Build a Graph RAG system with LangChain and GraphVectorStore

query_builder 20 min

Graph RAG is an enhancement to retrieval-augmented generation (RAG) that retrieves elements from a knowledge graph to serve as grounding context for a large language model (LLM).

In this tutorial, you will build a simple graph RAG system. First, a knowledge graph is built from a small set of linked HTML documents. Then, the graph is used during the retrieval step of RAG to provide extended context to the LLM when generating a response.

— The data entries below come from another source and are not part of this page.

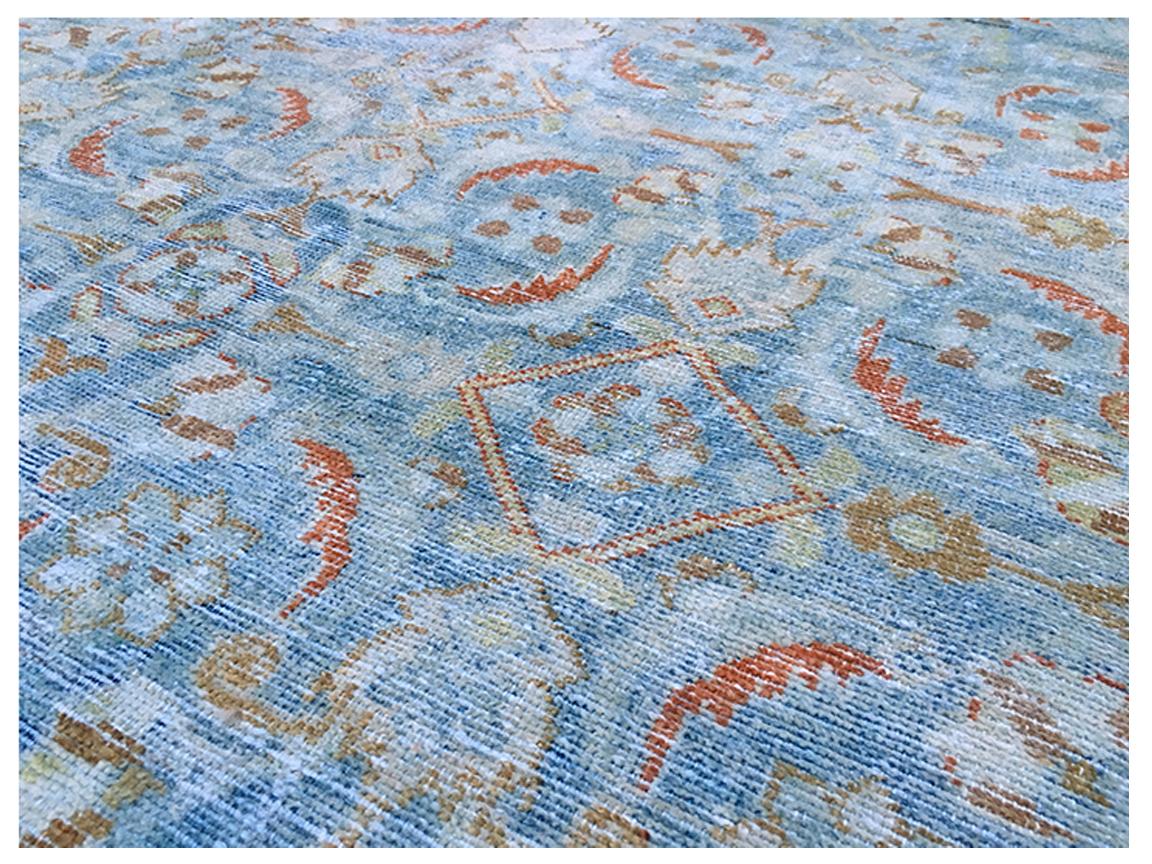 Antioque Persian Malayer Rug Hellblau Elfenbein Rost Grün Beige im Zustand „Gut“ im Angebot in Los Angeles, CA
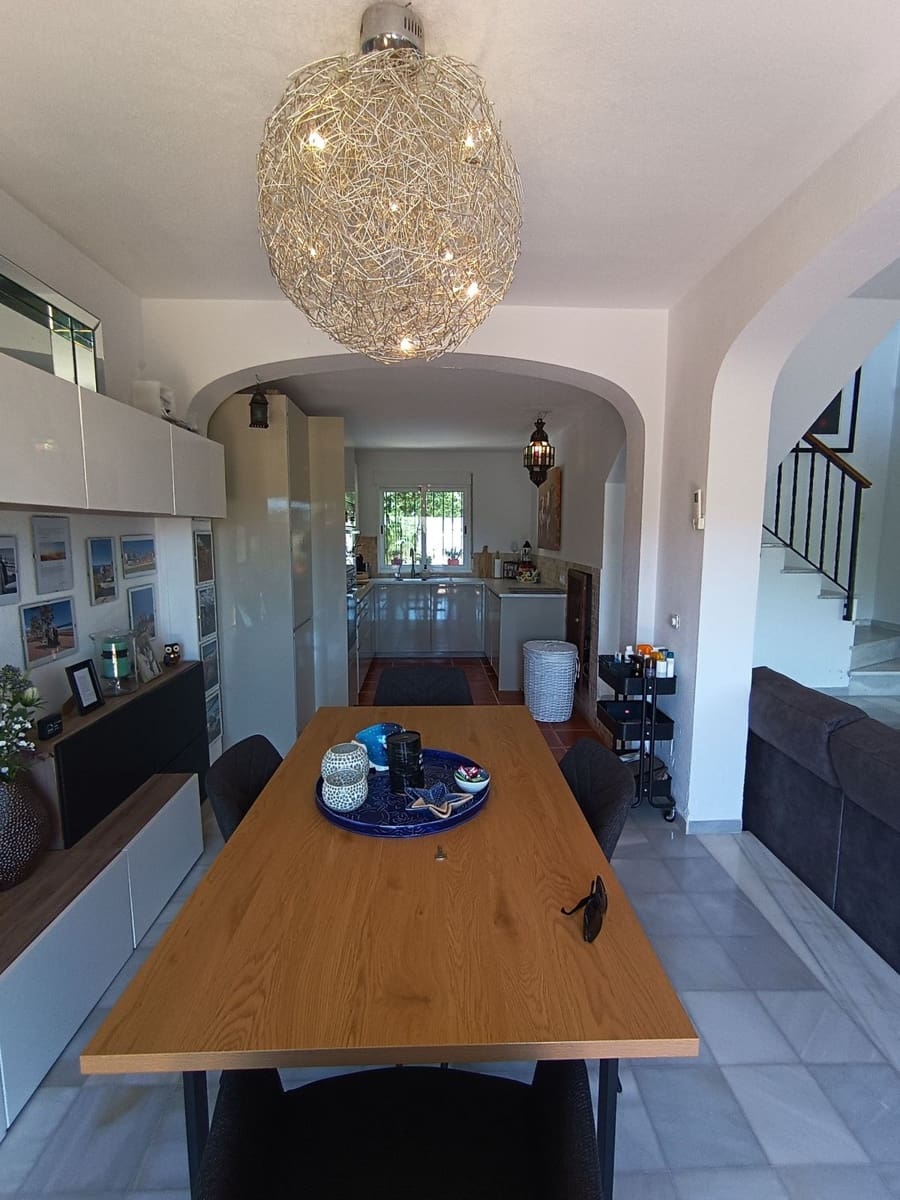 3 slaapkamer Halfvrijstaande villa te koop in Manilva met zwembad garage - € 349.000 (Ref: 8954015)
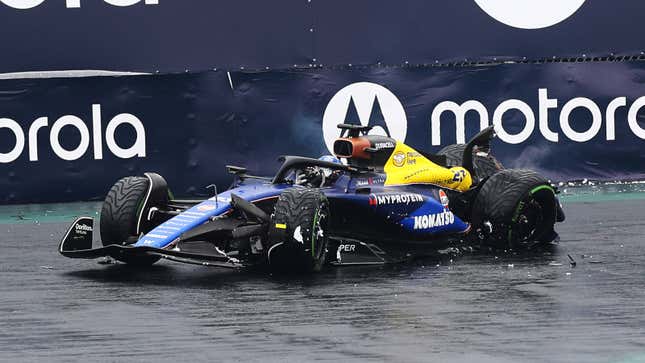 Una foto de un coche Williams F1 accidentado en Brasil. 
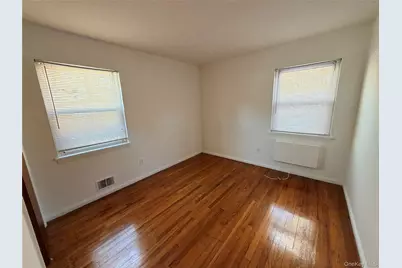 86 McLoughlin Street #B, Glen Cove, NY 11542 - Photo 11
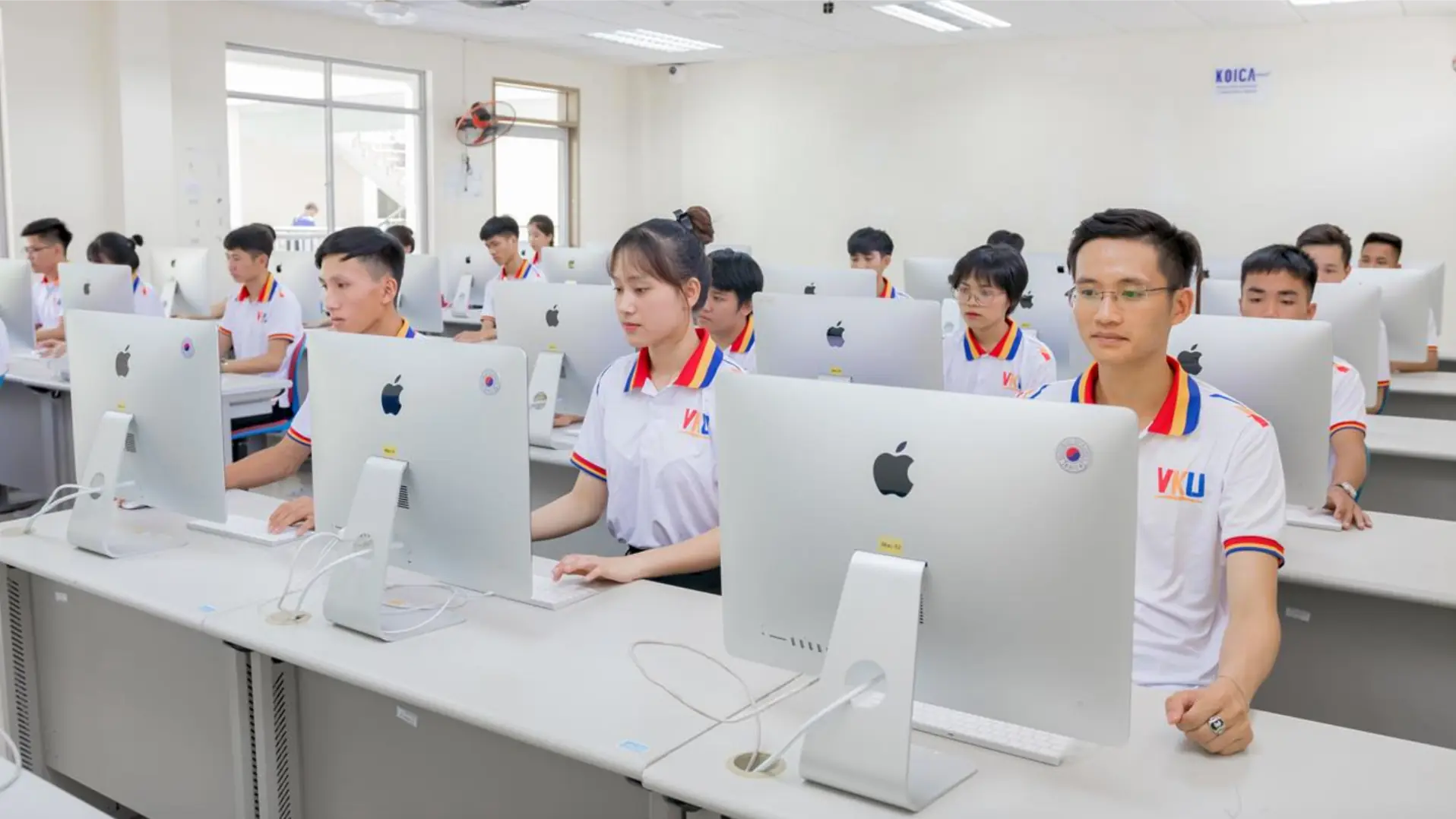 Đào tạo nhân lực cho đường sắt tốc độ cao Việt Nam | Giáo dục và Đào tạo | 03/08/2025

For more information about this tutorial’s use case, dataset, and the value of Graph RAG, see Your Documents Are Trying to Tell You What’s Relevant: Better RAG Using Links.

Prerequisites

For this tutorial, you need the following:

An active Astra account
An OpenAI account with a positive credit balance
Python 3.11 or later

Create your Serverless (Vector) database

In the Astra Portal navigation menu, click Databases, and then click Create Database.
Select the Serverless (Vector) deployment type.
Enter a meaningful, human-readable Database name.

After you create a database, you can’t change its name.

Database names are permanent. They must start and end with a letter or number, and they can contain no more than 50 characters, including letters, numbers, and the special characters & + - _ ( ) < > . , @.
Select a Provider and Region to host your database.

On the Free plan, you can access a limited set of supported regions. To access Locked regions, you must upgrade your subscription plan.

To minimize latency in production databases, select a region that is close to your application’s users.
Click Create Database.

New databases start in Pending status, and then move to Initializing. Your database is ready to use when it reaches Active status.

Install dependencies

Run the following commands in a Jupyter notebook or similar environment. For example, you can use this tutorial’s Colab notebook. To run these commands in a different environment, you must modify them accordingly.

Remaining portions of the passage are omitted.